Where an entry holds an image, skip the image but reproduce the rest word for word.
(Beginning of Data)
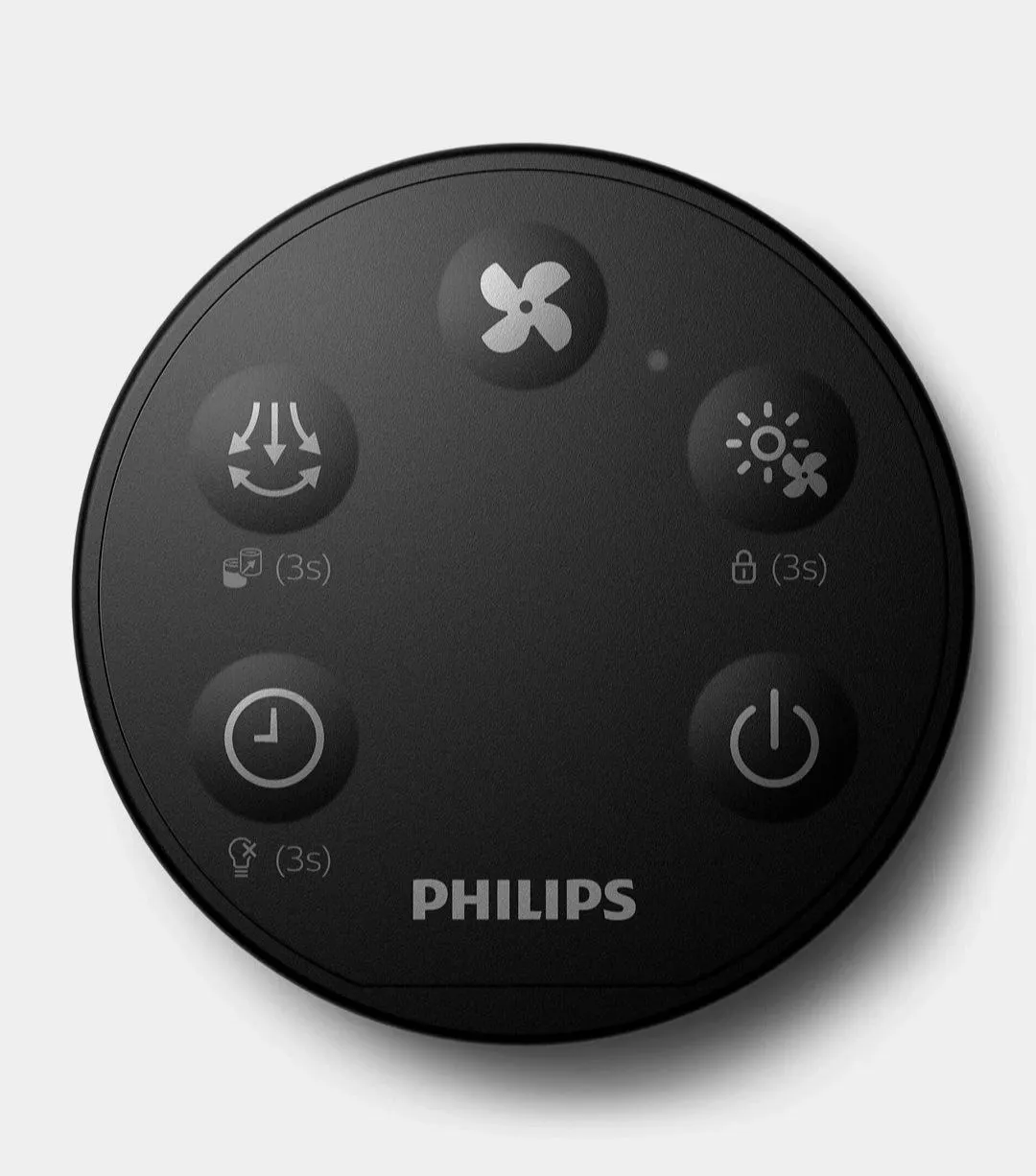 Havo tozalagich Philips AMF220/15, qora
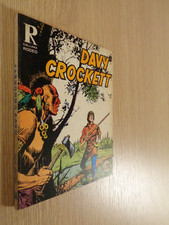 Collana Rodeo  Davy Crockett n. 34 del 1970 Ottimo ▓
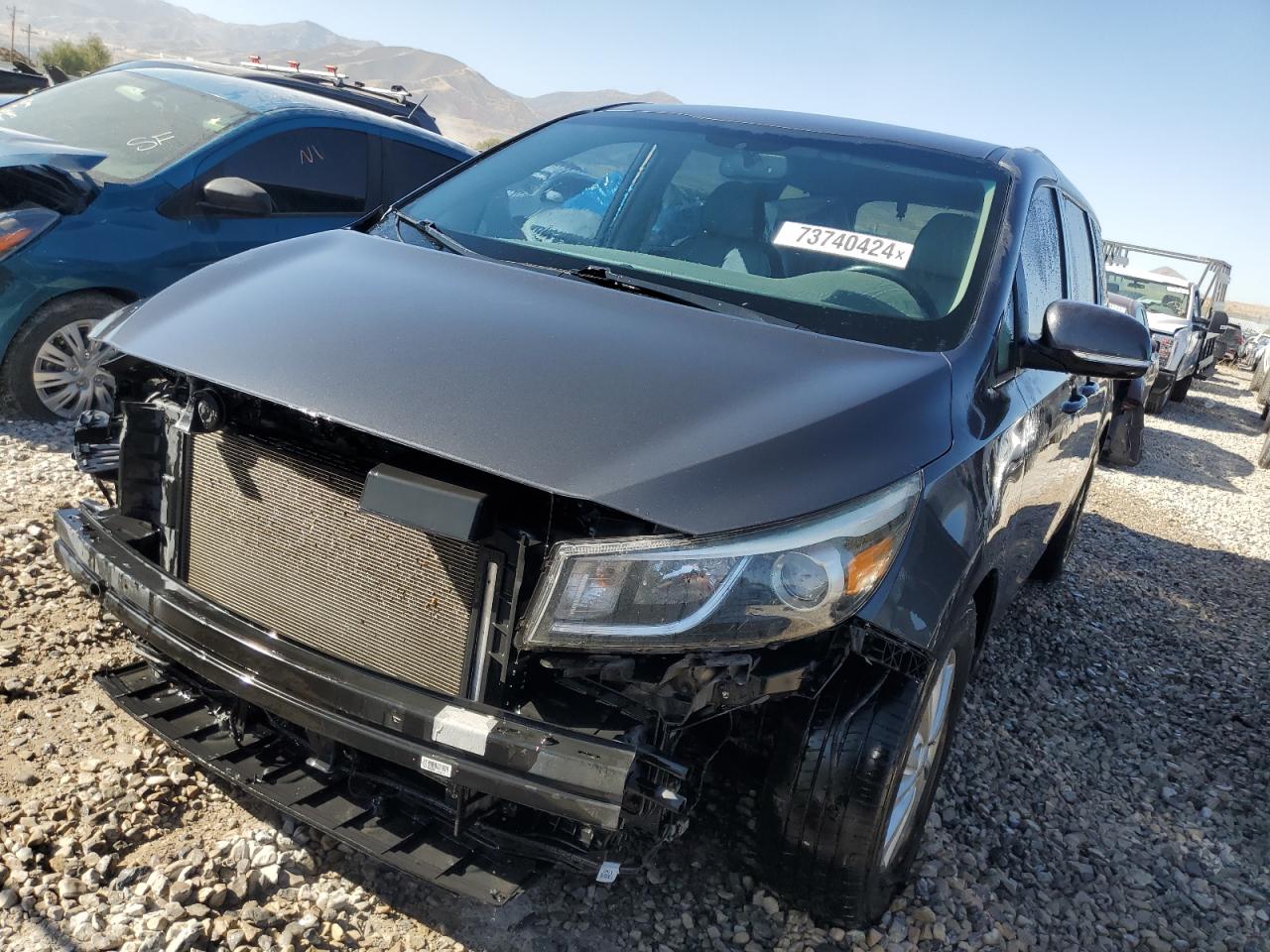 2017 KIA Sedona VIN KNDMB5C16H6326133
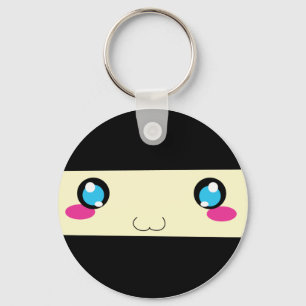 Chaveiro Corrente chave de Ninja Chibi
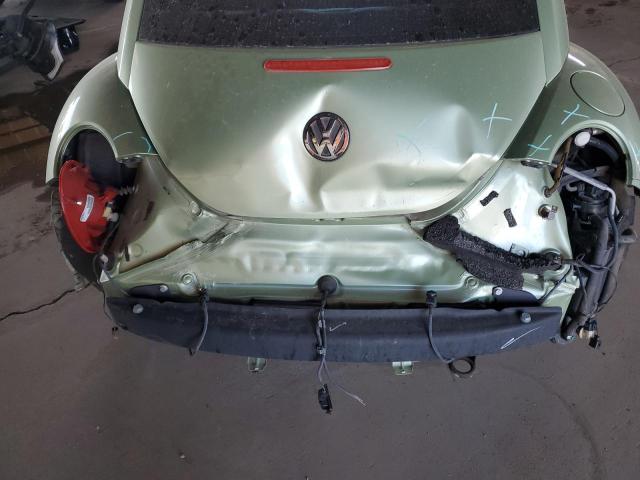 3VWPW31C07M510537 - 2007 VOLKSWAGEN NEW BEETLE 绿色 照片 9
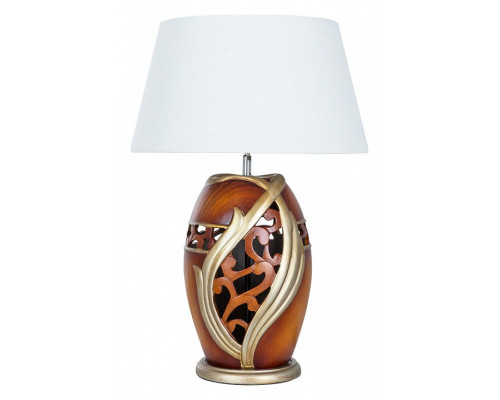 Настольная лампа декоративная Arte Lamp Ruby A4064LT-1BR Настольная лампа декоративная Arte Lamp Ruby A4064LT-1BR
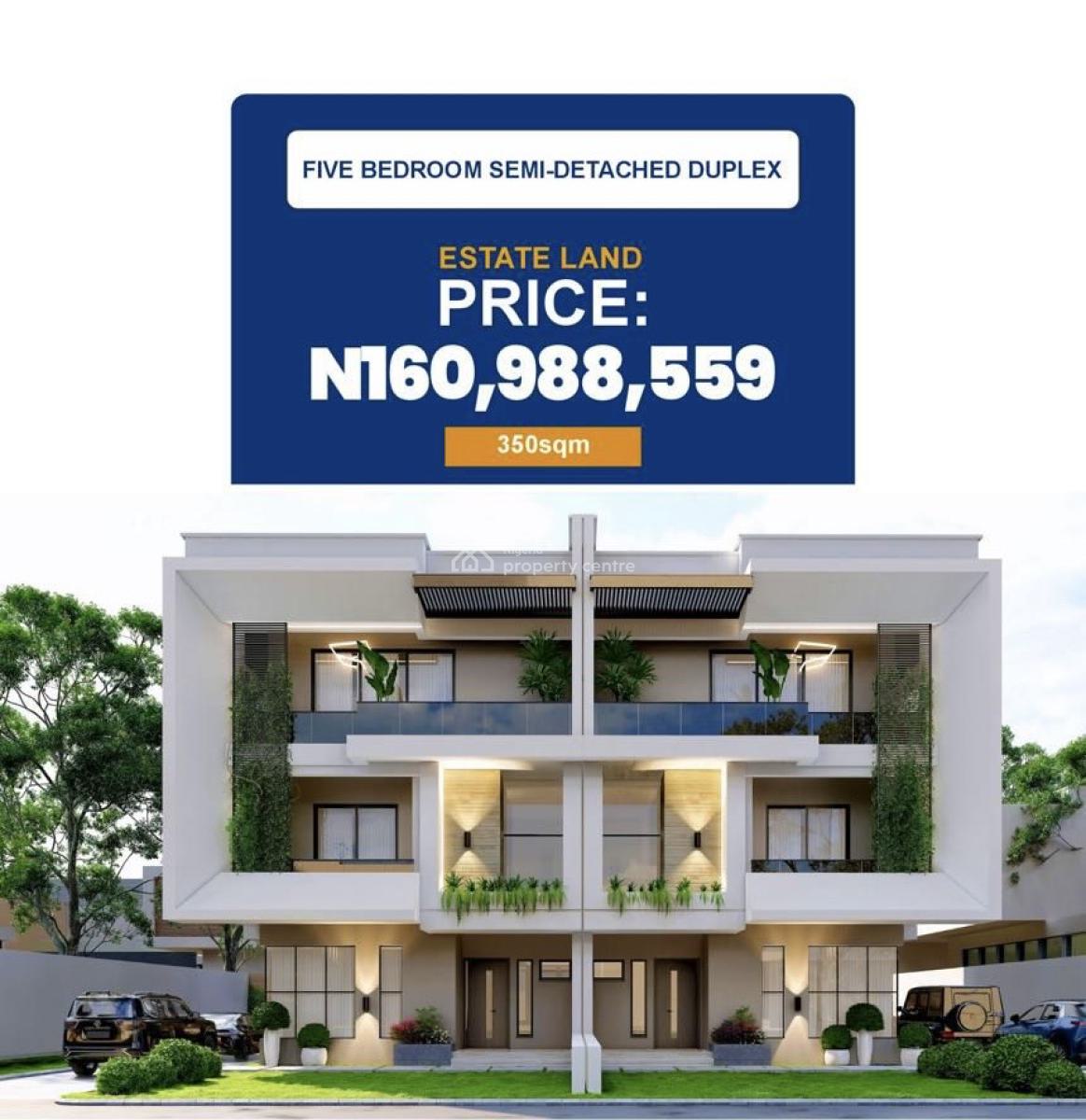 Estate Plot Size 250sqm for a 4 Bedroom Terrace Duplex, Off Family Worship, Wuye, Abuja, Residential Land for Sale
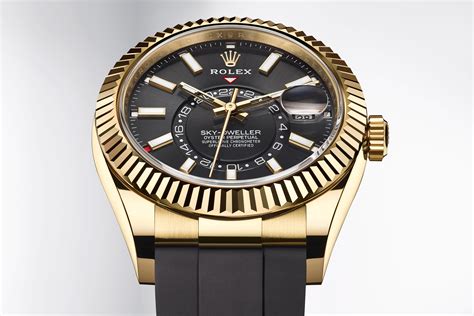 rolex sky dweller bracelet.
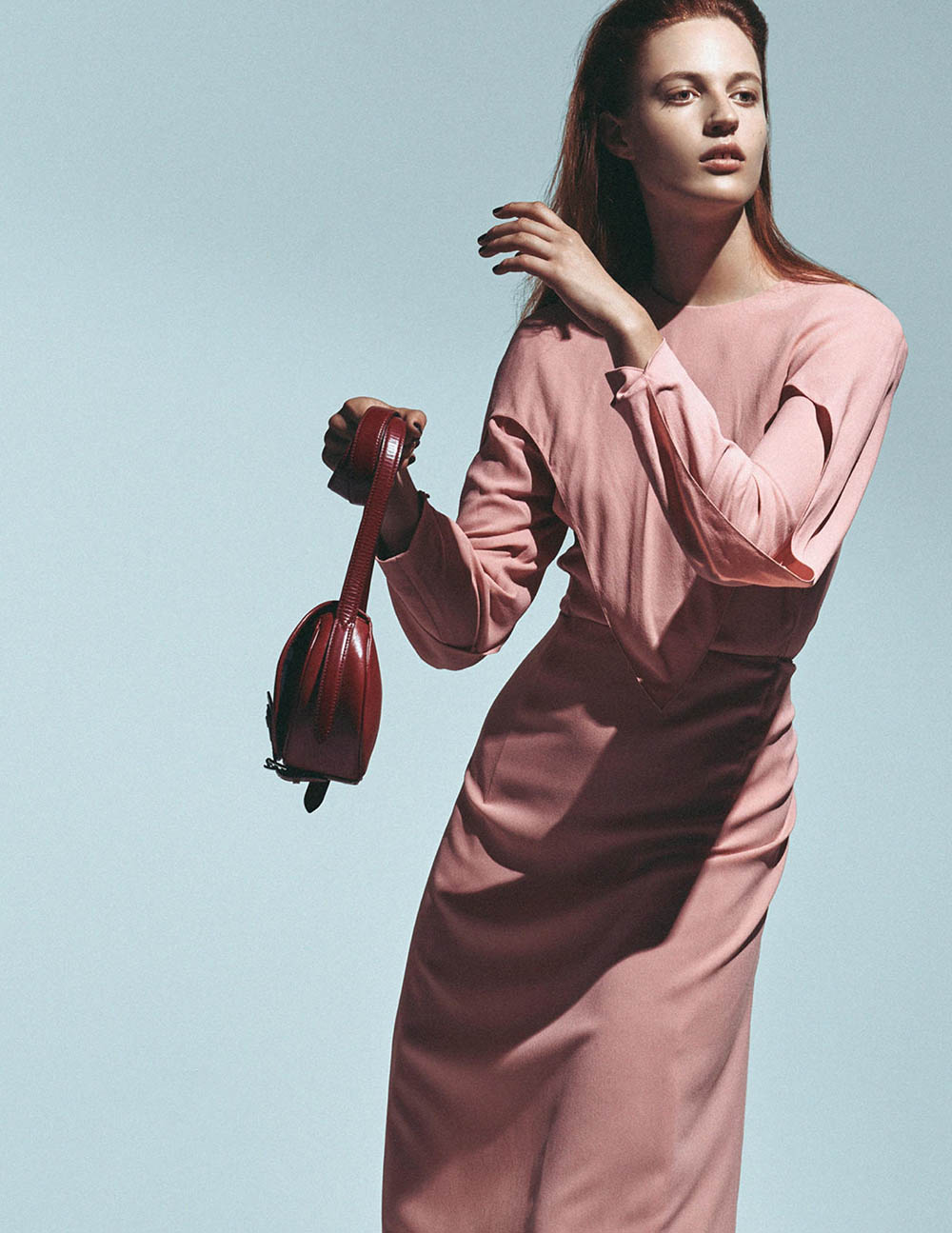 Julia Banas by Ferry van der Nat for Vogue Netherlands October 2019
(End of Data)
# Solution for this exercise
 Havo tozalagich Philips AMF220/15, qora
 Collana Rodeo  Davy Crockett n. 34 del 1970 Ottimo ▓
 2017 KIA Sedona VIN KNDMB5C16H6326133
 Chaveiro Corrente chave de Ninja Chibi
 3VWPW31C07M510537 - 2007 VOLKSWAGEN NEW BEETLE 绿色 照片 9
 Настольная лампа декоративная Arte Lamp Ruby A4064LT-1BR Настольная лампа декоративная Arte Lamp Ruby A4064LT-1BR
 Estate Plot Size 250sqm for a 4 Bedroom Terrace Duplex, Off Family Worship, Wuye, Abuja, Residential Land for Sale
 rolex sky dweller bracelet.
 Julia Banas by Ferry van der Nat for Vogue Netherlands October 2019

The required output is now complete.